The expression of their music has always moved me. Kazimierz and Józef Meto - bass managed to preserve their music in its nineteenth century form. At the same time, their dynamics are closer to those of contemporary rock music. It was at one of these gatherings where the decision to create the Music Lost & Found publishing company was taken.
Andrzej Bienkowski
Program:
1. Oberek / Kazimierz Meto - fiddle, Józef Meto - bass, Jan Lucka - tambourine (1993)
2. Mazurka / Kazimierz Meto - fiddle, Józef Meto - bass, Wladyslaw Gmaj (1980)
3. Oberek / Kazimierz Meto - fiddle, Józef Meto - bass, Jan Lucka - tambourine (1993)
4. Mazurka / Kazimierz Meto - fiddle, Józef Meto - bass (1982)
5. The Story by Kazimierz Meto and Anna Koprek / Kazimierz Meto - fiddle, Anna Koprek - voice (1989)
6. Mazurka / Kazimierz Meto - fiddle (1982)
7. Mazurka / Kazimierz Meto - fiddle, Józef Meto - bass, Jan Lucka - tambourine (1993)
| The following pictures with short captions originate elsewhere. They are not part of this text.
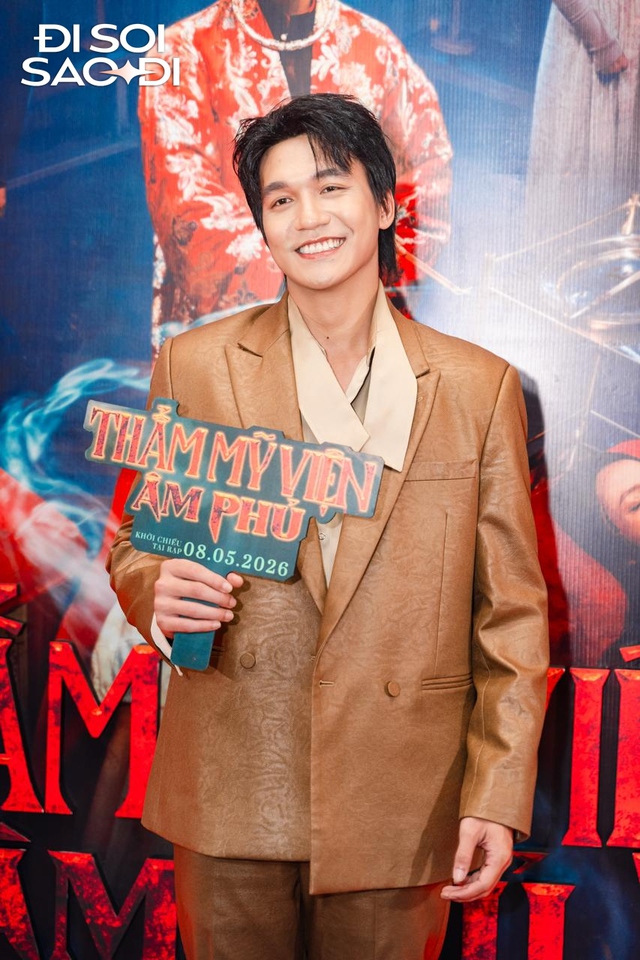 Thảm đỏ HOT nhất hôm nay: Ngọc Trinh - Tiểu Vy đọ sắc khét lẹt, một mỹ nhân khoe vòng 1 bốc lửa đốt cháy sự kiện- Ảnh 8.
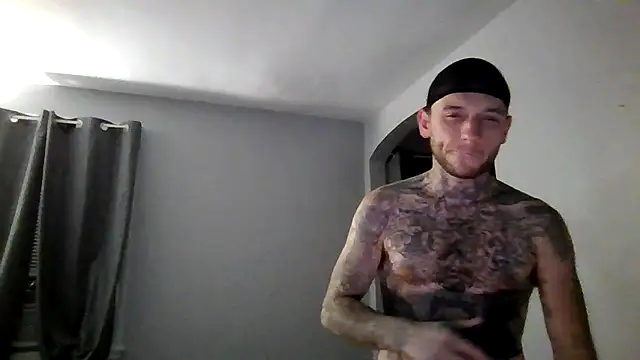 cruz815 online show from December 1, 2025, 6:03 am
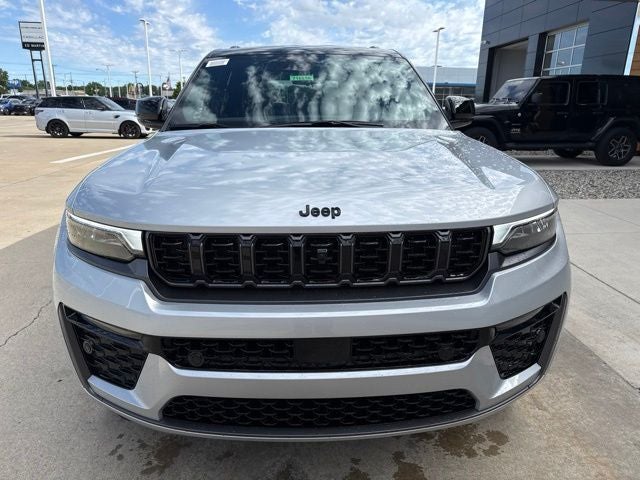 2026 Jeep Grand Cherokee Summit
8. Mazurka / Kazimierz Meto - fiddle, Józef Meto - bass (1982)
9. Solo / Kazimierz Meto - fiddle (1987)
10. Solo vocal - "Amerykanski dziad" / Helena Szczur - vocal (1980)
11. Mazurka / Kazimierz Meto - fiddle (1980)
12. Hey you coachmen - Weeding song / Józefa Sobolewska - vocal, Aniela Sobolewska - vocal, Helena Szczur - vocal, Anna Meto - vocal (1993)
13. Bachelor's Mazurka - Oh girl, get up in the morning / Kazimierz Meto - fiddle, Józef Meto - bass (1989)
14. Oberek / Kazimierz Meto - fiddle, Józef Meto - bass, Jan Lucka - tambourine (1993)
15. Mazurka from our parish / Kazimierz Meto - fiddle, Józef Meto - bass, Jan Lucka - tambourine (1993)
16. Duet / Kazimierz Meto - fiddle, Anna Koprek - vocal (1989)
17. Sheep-dog / Kazimierz Meto - fiddle, Józef Meto - bass, Wladyslaw Gmaj - vocal (1980)
18. Polka / Kazimierz Meto - fiddle, Józef Meto - bass, Wladyslaw Gmaj - vocal (1980)
19. Good Morning - Weeding song / Helena Szczur - vocal (1993)
20. Mazurka - If I were a clock I would hang myself on the wall / Kazimierz Meto - fiddle, Józef Meto - bass (1982)
21. Bachelor's Mazurka / Kazimierz Meto - fiddle, Józef Meto - bass, Józefa Sobolewska - vocal (1993)
22. Mazurka for Oczepiny / Kazimierz Meto - fiddle, Józef Meto - bass, Wladyslaw Gmaj - tambourine, Helena Szczur - vocal, Anna Meto - vocal, Józefa Sobolewska - vocal, Rozalia Sobolewska - vocal (1980) 23
23. Oberek / Kazimierz Meto - fiddle, Józef Meto - bass, Jan Lucka - tambourine (1993)
24. Planting the onions / Helena Szczur - vocal, Anna Meto - vocal, Józefa Sobolewska - vocal, Rozalia Sobolewska - vocal (1993)
25. Oberek / Kazimierz Meto - fiddle, Józef Meto - bass, Jan Lucka - tambourine (1993)
About Music Lost/Found Series
Poland, 1980, and Communism is facing collapse. Petrol is being rationed, the shops are empty. I begin my journey through the countryside to record music. It’s strange, because there are a great many folk bands, but their services are no longer required in the villages or towns. Musicians stop playing and sell off their instruments; slowly but surely they are forgotten. The first difficulty we faced was finding them replacement instruments. I met musicians who hadn’t seen each other in years, having once played weddings together regularly; this was the last generation of village musicians. Then came the dawn of the pop era. We filmed and made unique music recordings in the musicians’ homes, which were natural, stress-free environments. We searched throughout Poland, Ukraine and Belarus and found 1500 musicians, as well as singers, and from this number we reconstructed eighty bands. Our archive contains recordings of some of the oldest village bands, as well as contemporary wedding music. We have thousands of field photographs. However, the real jewels in our collection are undoubtedly the photographs taken by the original village photographers, who faithfully captured weddings, parties, funerals and daily life.
Andrzej Bienkowski
Andrzej Bienkowski is a painter, ethnographer, writer and professor at the Warsaw Academy of Fine Arts. For the last thirty years he has traversed rural Poland to document and record the music of village fiddlers, accordionists and singers. He has produced many books and films about rural Polish music, including the Music Lost & Found series. He owns the largest private collection of rural music in Poland.